For an opening track titled 'Who Am I?' one would expect a lot more passion. This should be where the artist proudly presents himself worthy of the listener not pressing eject. A scroll down the 20 song long track listings, the power button becomes quite attractive. 'Make A Move' has a welcomed faster pace but the chorus is really weak and the verses show hints of a yanky twang. The club track 'Get Your Money' is listenable whilst 'Free' seems to be trying to inspire, but fails with its lack of conviction and soul. The ego and boasting based 'Coming With It' see's the rapper claim to be like nobody in the UK. Hmmm.
'Over The Bridge' begins with some atmospheric and quite chilled guitar. This is promising, but the quite average sung vocals put a downer on things. Luckily the singing doesn't last long and @irkklipz delivers one of the best verses of the whole CD. The flow is appropriate, the lyrics are interesting and match the beat nicely, and there's something for the listener to actually get their teeth into. It shows the artist's ability in a much brighter light and generates a sense of disappointment that there isn't more of this quality material included on the release.
Tracks like 'Air Brit Hop' featuring Guy, 'Scarface 2Gs', 'Money Talks' featuring Mr Prince again, 'Anyone', 'Livin The Life', 'Down With' and 'Ride' simply sound too similar to each other and generic. They're not awfully wack but they simply bring nothing to the table worth taking a bite of and digesting. It's all quite flat as if a fizzy cola bottle that had been left with the lid off in the baking sun for a whole weekend.

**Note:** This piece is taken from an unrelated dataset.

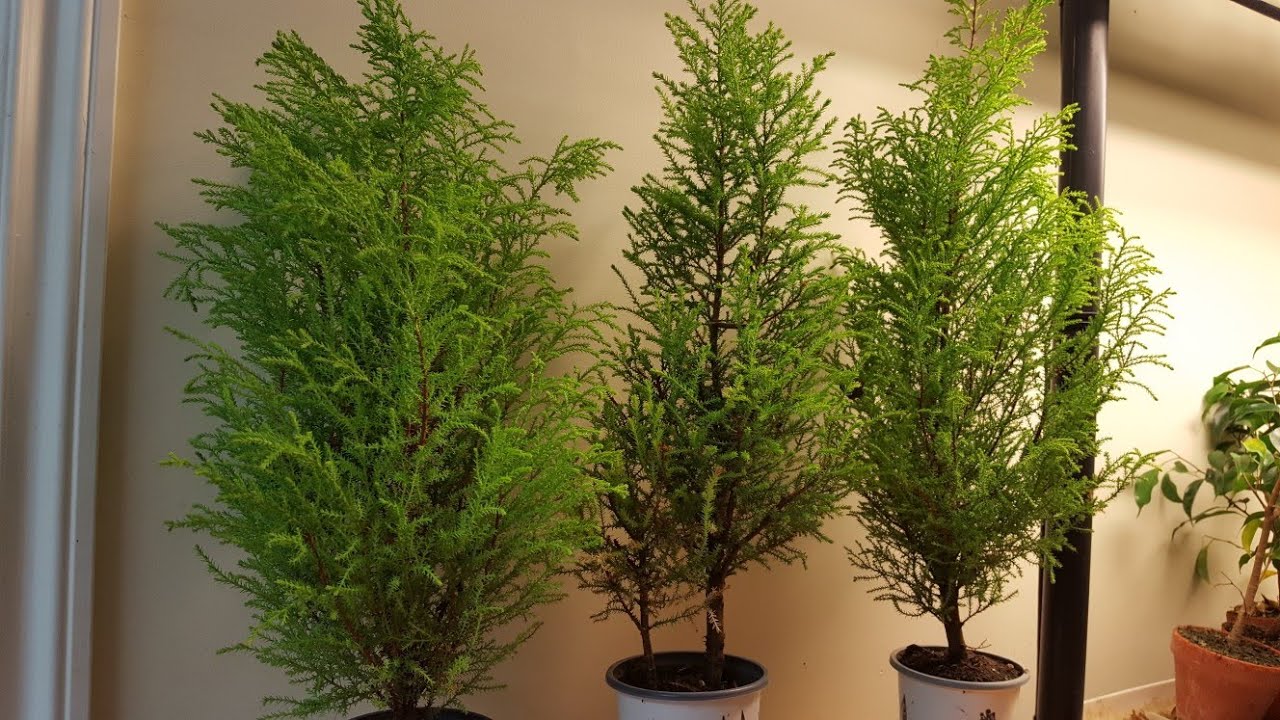 Lemon Cypress First Styling & Repot Part 1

'Money' starts with some sung vocals which have undergone a quite interesting sound effect treatment. The verses are based around the subject of finances which is explored well enough. However, there's probably not a person walking on the UK's earth that hasn't thought up the quite obvious sentiments put forward here.
'Let Me' has a nice pace and the production is cool, with a good choice of drum sounds looping throughout. 'Hey Rude Boy' is a bit of a double time vibe to it and shows that the artist can handle a less formatted beat, but the lyrics are very much still throwaway. 'How To Become A Rapper' is a good title, more so because it's an example of what not to do rather than what to do. The singing at the start is really annoyin and the verses are as if written to a group of ten year olds in a 'hippity hop workshop'.
This CD would triple its entertainment value if it at least halved the number of tracks it included, used a much greater variety of production ideas and sounds, and had more topic orientated tracks which would give the listener a lot more to think about than typical and obvious boasts and claims.
This is all produced by Mad Phat, and is out on Mad Phat Records now.